Gelelim dün geceye.. Miskinliğim üstümdeydi. Akşam yemeği olarak patlıcanlı pilav ve esmer şekerli & dijon hardallı somon yapmıştım ki( biliyorum uyumsuzlar ama güzel oldu), Serra beni dışarı çıkartmaya niyetlendi. Limonlu Cheesecake yapacağım için mırın kırın etsem de çıkana kadar Cheesecake'i yapıp buzdolabına kaldırmıştım bile. Gece dinlenirse daha iyi olacak diye düşündüm. Harala gürele bir gecenin sonunda sabah 5:00'te eve geldik. Sabah kursum 10:00'da başladığı ve benimde dakikliğim sağolsun saat 8:00'de kalkmam gerektiğini unutmuştum. Sabah bir gözüm açık öteki gözüm kapalı kursa gittim. Bugün çok sevdiğim kurslardan biri olan çikolata kursu vardı. Açıkçası bugünki konular arasında en sevdiğim Çikolatalı Tart oldu. Hanımlar, özellikle muayyen günlerinizde kesinlikle öneririm! :))) Üstüne başka bir tatlı yemeseniz de olur. Ayrıca sevgili Limonlu, frambuaz joleli ve çilek süslemeli Cheesecake'im annemlerin arkadaş toplantısına gitti. Bağımsız test grubumdaki kişi sayısını arttırdım sonunda. Yarın sonuçları öğrenebileceğim :)
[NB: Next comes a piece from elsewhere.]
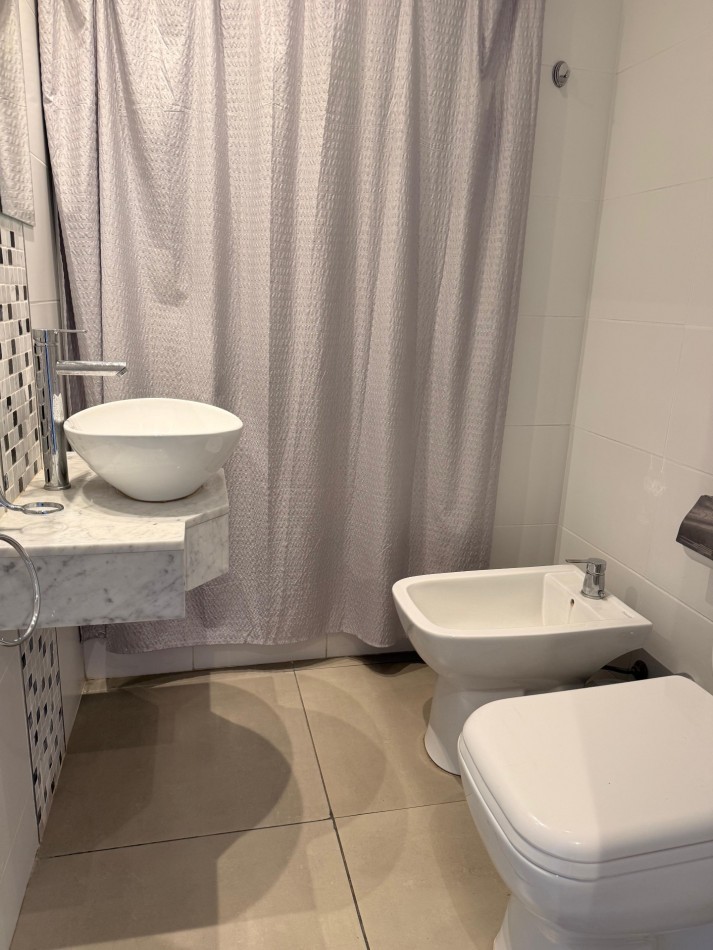 2 AMBIENTES CON COCHERA POSITIVE TOWER II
Kendimi zorlamaya ve değişik birşeyler yapmaya karar verdim. Bu haftaki yapacağım şeyler; kruasan, alman pastası, bülbül yuvası, çikolatalı tart, mousse ve sufle. Farklı bir şey gelirse sizinle paylaşacağım. Ama beni en çok heyecanlandıranlar; alman pastası ve bülbül yuvası. Umarım istediğim başarıyı elde edebilir ve mutfakta dans edebilirim :) Parmakları çapraz yapalımm.. :)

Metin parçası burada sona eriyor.